#### DATA ####

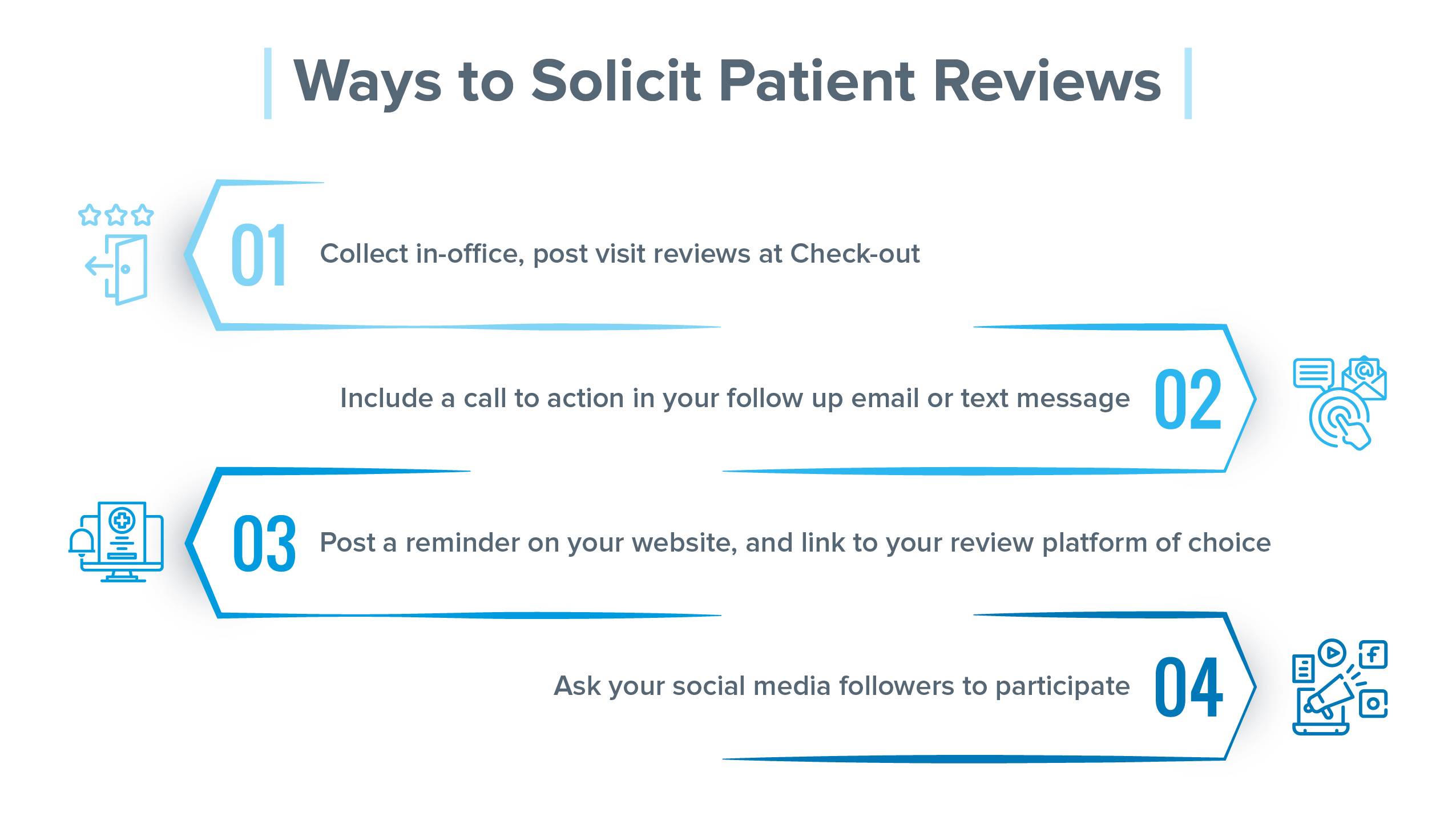 three ways to get patient reviews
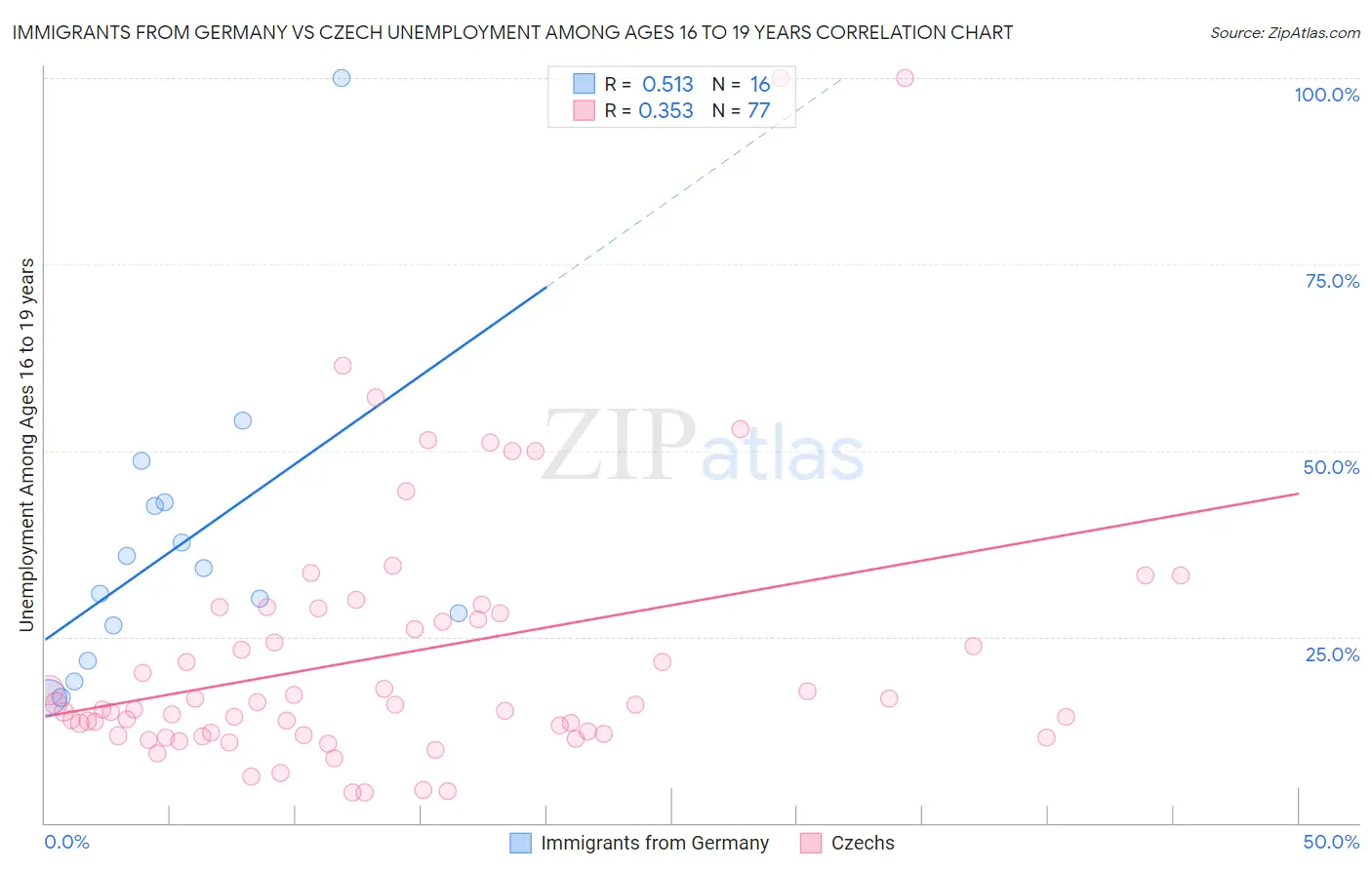 Immigrants from Germany vs Czech Unemployment Among Ages 16 to 19 years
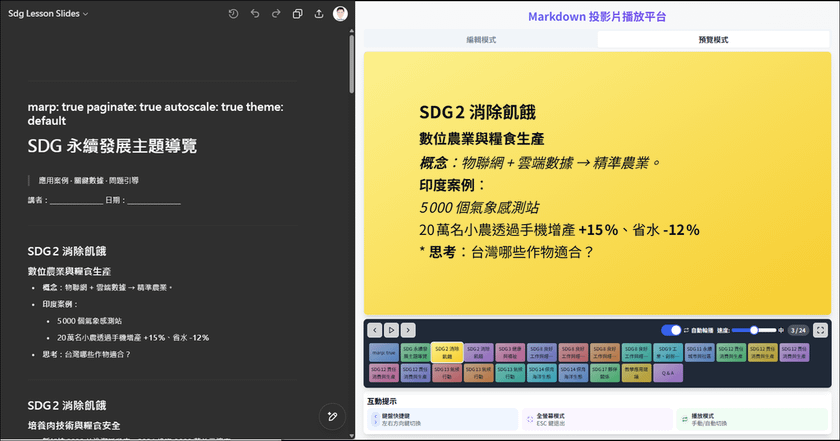 自建Markdown投影片播放平台，輕鬆播放ChatGPT提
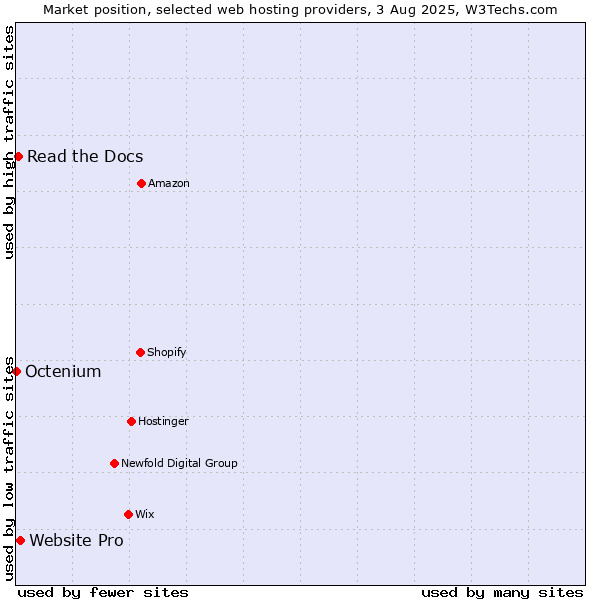 Market position of Website Pro vs. Read the Docs vs. Octenium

####

* _WHAT TO PRODUCE_:
Print the preceding material over again exactly. Please leave the pictures out.

* _ANSWER SECTION_:
 three ways to get patient reviews
 Immigrants from Germany vs Czech Unemployment Among Ages 16 to 19 years
 自建Markdown投影片播放平台，輕鬆播放ChatGPT提
 Market position of Website Pro vs. Read the Docs vs. Octenium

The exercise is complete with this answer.